Saturday, 26 July 2014

A British SF Classic II

Compare CS Lewis' angelic "Heaven"-dwelling eldila with the space-dwelling beings in works by Fred Hoyle, James Blish and Poul Anderson. These three hard sf writers present scientific rationales for their imagined extra-planetary intelligences.

Hoyle's Black Cloud, addressing human scientists, says:

"'...conventional religion, as many humans accept it, is illogical in its attempt to conceive of entities lying outside the Universe. Since the Universe comprises everything, it is evident that nothing can lie outside it.
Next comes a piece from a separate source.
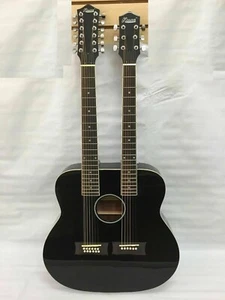 Pro 6/12 String Acoustic Electric Double Neck Guitar, Black with Case - Picture 1 of 4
The idea of a "god" creating the Universe is a mechanistic absurdity clearly derived from the making of machines by men. I take it we are in agreement about all this.'"
-Fred Hoyle, The Black Cloud (Harmondsworth, Middlesex, 1965), p. 203.

I am in agreement now although not when I first read the book fifty years ago because I had been religiously indoctrinated. Hoyle through his characters, both human and non-human, addresses several important issues:

the role of scientists in society;
the relationship of science to reality;
how intelligence evolved on Earth;
whether there is a larger-scale intelligence;
why the laws of physics are as they are;
whether a larger-scale intelligence might explain the laws of physics.

(Hoyle's latter non-fiction included The Intelligent Universe and he argued against Darwinism.)

The novel is set in the 1960s, thus has become what I call a "past future," but it retains an element of futurity because its closing fictitious correspondence is dated 2021 and ends:

"Do we want to remain big people in a tiny world or to become a little people in a vaster world? This is the ultimate climax towards which I have directed my narrative." (p. 219)

So how do we in 2014 answer that question?